Последнюю речь говорил Мякотин {Венедикт Александрович Мякотин (1867—1937) — историк, публицист.}. Это была самая лучшая из всех слышанных. Она была хороша тем, что расширяла и объединяла всё сказанное предшествующими ораторами: пусть марксисты и народники, сходясь в практическом отношении, работают вместе на пользу народа, руководясь наукой и не пренебрегая изучением жизни; в то же время для более полного изучения своих теоретических убеждений они могут, они должны спорить, стараться научно выяснить себе основные вопросы. — Никому так много не аплодировали, как этому оратору.

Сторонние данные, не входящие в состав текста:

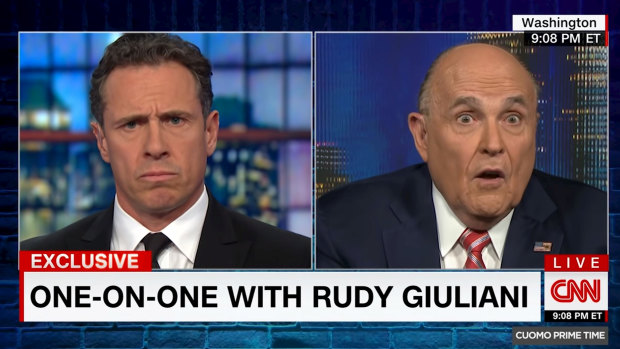 The President asked Giuliani to scale back his public appearances after a string of bizarre TV interviews. 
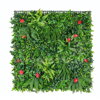 Umělý květinový panel 100cm x 100cm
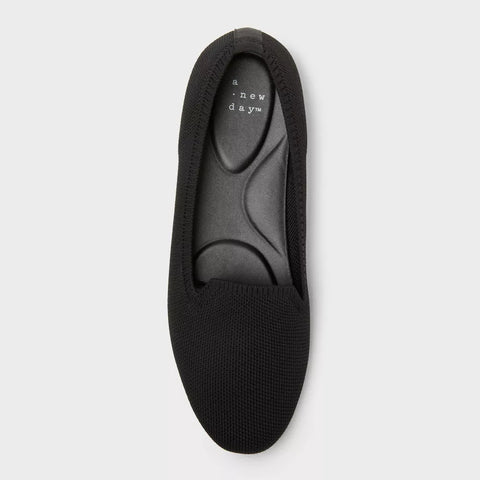 A New Day Women's Black Etta Knit Washable Loafers | A New Day In Lebanon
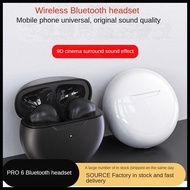 Wireless Headphones Pro6 Bluetooth Headset Mini Simple Wireless in-ear Noise Cancelling Ultra-long Battery Life Headphones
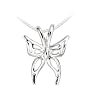 Sterling Silver Butterfly Pendant, 18"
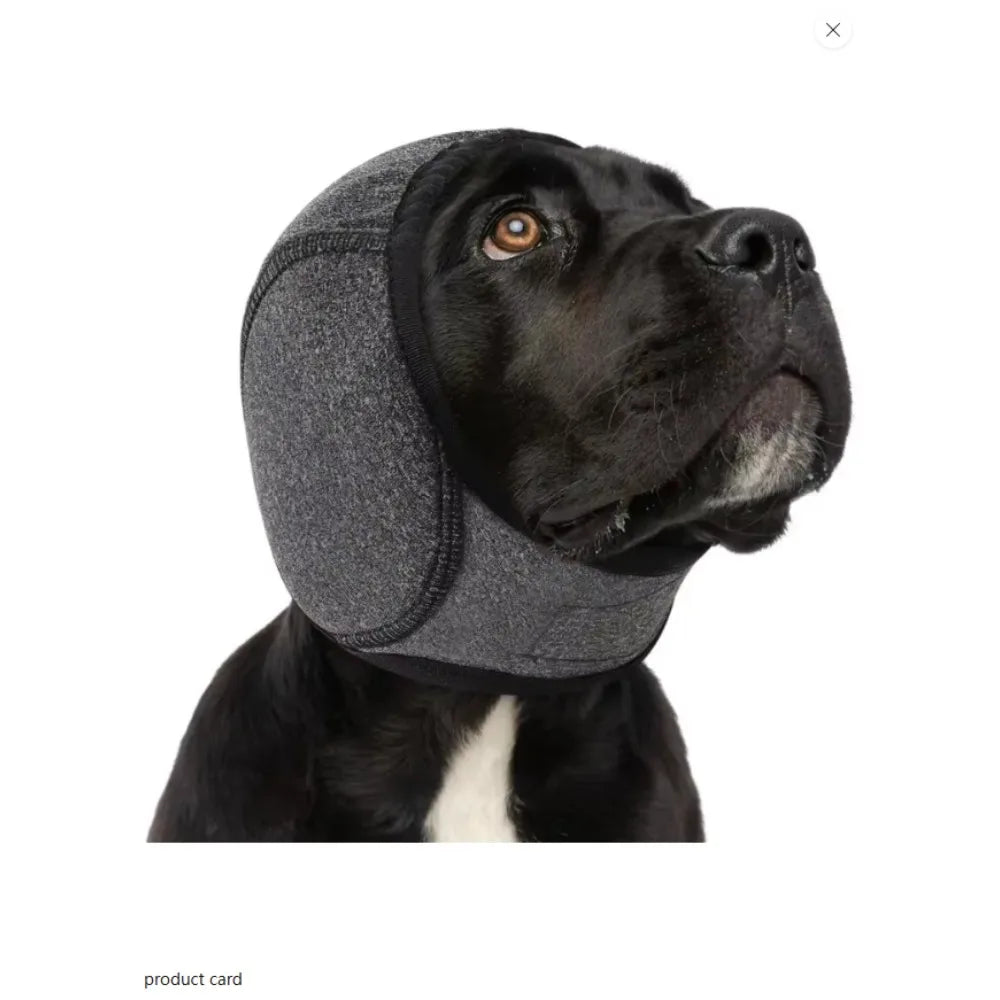 Dog Ear Noise Reduction Headband Calming Wrap For Grooming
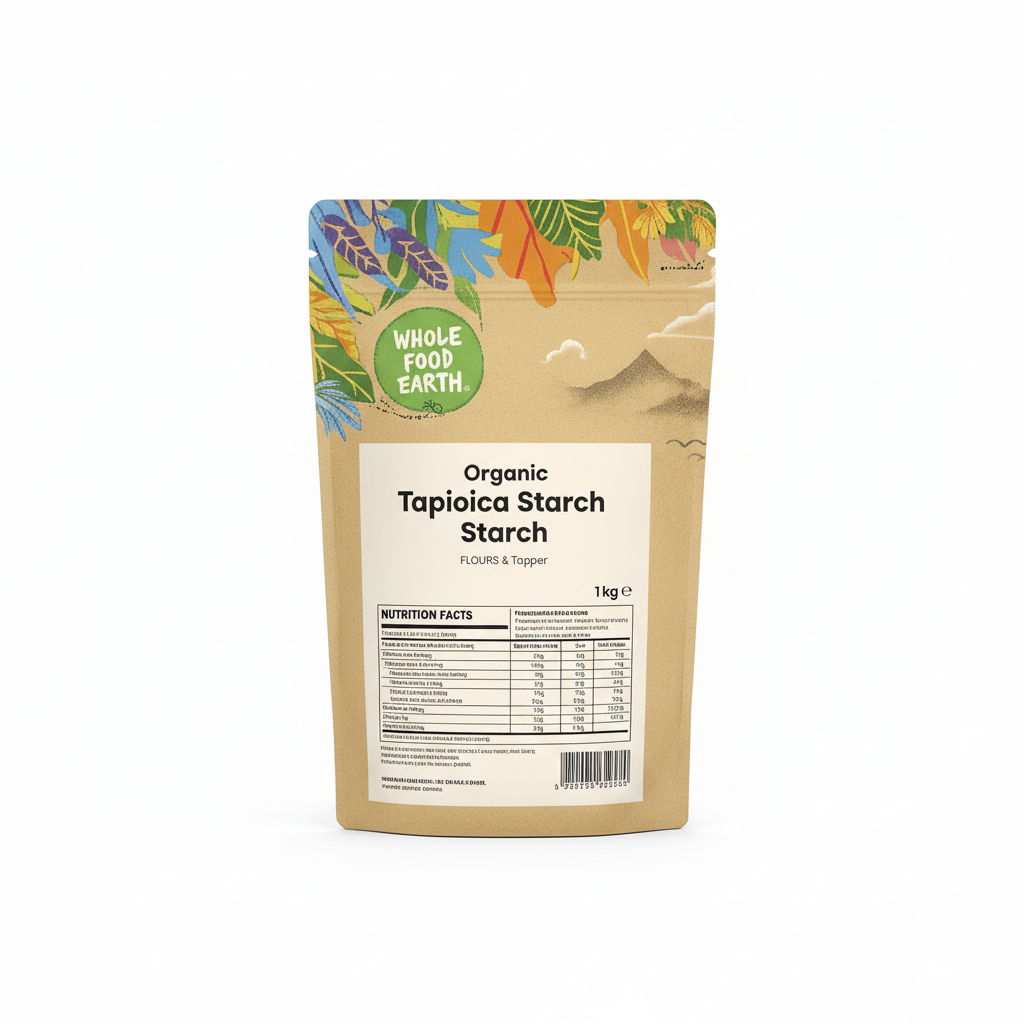 Wholefood Earth Organic Tapioca Starch 1kg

Я уехала тотчас после этой речи, решив, что более никто говорить не будет, потому что ничего никто лучше не скажет, — так и было. <…>
25 февраля.
Я так редко пишу… теперь, когда моя жизнь изменилась, когда я добралась до пристани. Казалось, — тут-то бы и писать, писать без конца, обо всём, и всю свою внутреннюю жизнь раскрывать в молчаливых беседах со своим неизменным молчаливым другом. Но выходит наоборот: я беру его всё реже и реже, случайные записи принимают чисто внешний характер. Я живу, жизнь захватывает меня; дни летят за днями, а тетрадка лежит себе в портфеле, точно забытая, ненужная… даже затрудняюсь, как писать. Я занимаюсь целыми днями, и всё недовольна собою, и всё мне кажется, что я делаю мало; иногда меня охватывает безумное сожаление о прошлом, об этих четырёх годах, — и это хуже всего. Положим, они — в смысле житейском — не совсем потерянные: за это время я, могу сказать, — окрепла духом, развилась, хоть немного, узнала жизнь и людей; на курсы я поступила не юной, неопытной девушкой, а человеком со сложившимися уже убеждениями, со своими выработанными взглядами, но зато моё умственное развитие, моё круглое невежество во всех отраслях знания — приводит меня в отчаяние. — Читаю ли я историю, занимаюсь ли славяноведением или логикой, — внутренний голос твердит мне: ты могла бы это всё узнать раньше, — тогда у тебя были средства на книги, ты могла бы учиться по ним, а ты — предпочитала истратить их на тряпки и брать ненужные уроки. <…> И вот результат: я — на курсах; на первых уже порах написала совершенно неверно, чисто по-детски, изложение данной профессором статьи, ясно узнав в этом всю свою неразвитость и неспособность.
О, Боже мой, да что же я такое? Я стремилась к образованию, будучи совершенно неспособна, ниже всякой посредственности? Ведь мои способности, о которых мне столько твердили в детстве (я положительно могу одобрить себя за то, что всегда относилась крайне критически ко всем выражавшимся мне похвалам, искренно считая себя вполне недостойной их), моя память — они, должно быть, ослабели, притупились во время моего тяжёлого 4-летнего домашнего плена, — в продолжение которого им, к несчастью, было так мало пищи и слишком много таких житейских дрязг, что они могли только систематически притупляться. О, бедная Лиза! {Вероятно, аллюзия на повесть Н. Карамзина.} несчастное, жалкое существо! <…>
27 февраля.
<…> Как-то раз одна из наших интернаток, в минуту откровенности, разговорившись о своей жизни, довольно ясно намекнула, что ей пришлось уже многое пережить, и потом спросила меня: –- “А вам пришлось испытать что-нибудь подобное?” Я ответила отрицательно. Она удивилась: “Значит, вы всю жизнь прожили как под колпаком, не встречаясь с людьми?” — спросила она. “Да, в данном случае — не пришлось”, — невольно усмехнулась я и мысленно добавила: “Да и не придётся”, потому что здесь моя однообразная студенческая жизнь, с ограниченным кругом знакомств, опять-таки своих же товарок-курсисток, пройдёт так же однообразно и спокойно и даже, пожалуй, без всяких сближений со студентами, как и в этот год, а пройдёт это время, и если мне удастся осуществить своё намерение — получить место в деревне, — так будет ещё менее случаев для каких бы то ни было знакомств.